On top of that, outsourcing works well with the often turbulent world of SaaS development. Outsourcing your development will allow you to scale it to your needs. Practically, this makes it less likely that your business will be dragged under by a lengthy salary bill before it manages to start turning a profit. The inverse is also true – if you start to hit your stride unexpectedly and choose to capitalise on the momentum, you can easily buy more hours from your outsourced partners to put their foot on the gas.

It’s also worth bearing in mind that you can get a lot of the same advantages of an in-house team if you manage the relationship well. Personability and clear communication from your end should be reciprocated, and after a while your outsourced team will naturally become invested in your product. In the world of freelancing, reputation is everything, so it’ll be in their interests to see you succeed.


Most of the draw-backs of outsourcing development work have already been alluded to above, but we’ll recap them here.

Probably the biggest drawback is the reduced involvement you have with the team when compared to an in-house set-up. This is where communication is key, but it’s almost inevitable that wires will be crossed at some point. Before any work begins, you’ll want to makes sure that both parties have agreed on timeframes, as well as a reporting schedule and availability on a weekly basis.

Whilst you’ll save time in the long-term management of staff, you’ll still need to invest significant time in hiring the right agency. Currently, software development outsourcing is increasingly being sent overseas, and whilst this can drive down costs, it adds yet more barriers to communication, from language to time-zones.

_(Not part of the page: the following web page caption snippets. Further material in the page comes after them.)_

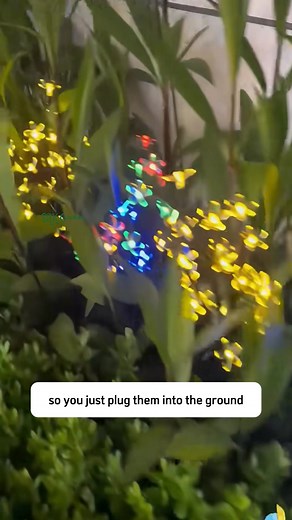 6.3K views · 43 reactions | Cherry flower Solar Garden Lights Outdoor, | Terra Nursery | Facebook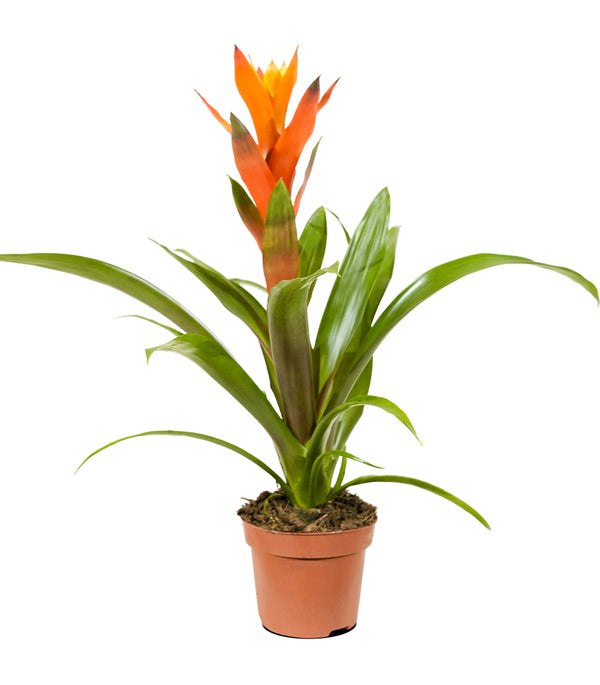 Guzmania 9 cm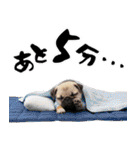 笑顔で迎える2026♡お正月パグ年賀（個別スタンプ：36）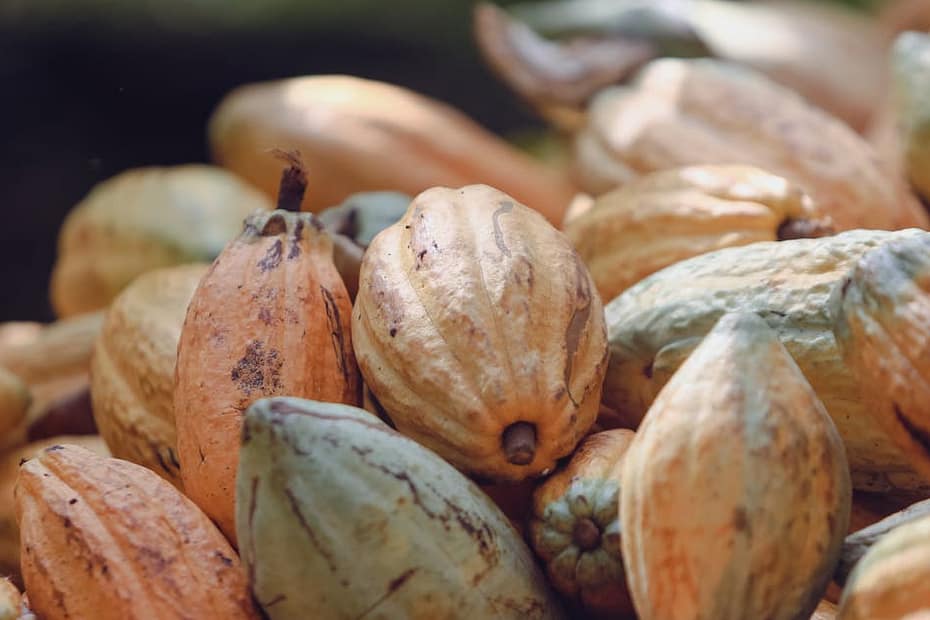 Close-up of ripe cacao pods in Paragominas, Pará, Brazil, showcasing agricultural abundance.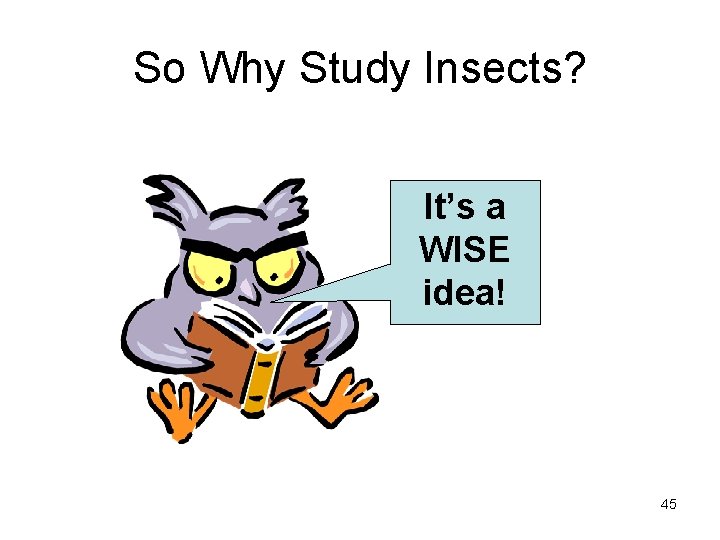 So Why Study Insects? It’s a WISE idea! 45 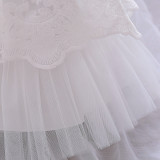 Children's dress fluffy yarn Cascading Ruffles Dress princess dress flower girl first birthday baby Dress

The closer to your own base of operations you can find a dev team, the better. Being able to meet in person is a huge advantage to building up the kind of trust you’ll want to have with such a key part of your business.

You’ll also have to prepare contingencies for the long term, and familiarise yourself with some basic concepts of software development to make sure you’re not being led down the wrong path.

For example, you’ll want to ensure that your product is being built in such a way that you could take the source code to any other developer to continue working on it should your current development contract fall through.

You don’t want to end up tied to the same company for all of your development needs going forwards, as this will leave you at the mercy of the contractor who will position themselves to be the only ones who can work on your product should it need changing or updating.

What’s the right fit for YOU?

Unsurprisingly, the best solution to your development needs will depend on your situation and the resources you have available. To conclude, we’ve listed some examples of what you should be looking for based on your current setup:

You should consider outsourcing if the following apply:

  • You don’t have access to a significant amount of investment… yet.
  • You have a limited window in which to validate your SaaS idea with an MVP (Minimum Viable Product) because of external pressures.
  • You don’t live in a near a large population hub, limiting your pool of potential recruits.

You should look to hire a dev team if the following apply:

  • You have a significant amount of capital to spend, or your already running a business with pre-established HR and recruitment practices.
  • You’re SaaS project is very ambitious and will require specialist knowledge and long development cycles.
  • You have access to hardware and/or facilities to host a dev team.
  • You want work with people who are personally invested in seeing your SaaS product succeed.

With these considerations in mind, you should be well placed to make the right pick for your own SaaS development journey. If, as many bootstrapped founders do, you opt to outsource your development, be sure to invest the time in finding a working relationship that you can put your trust in.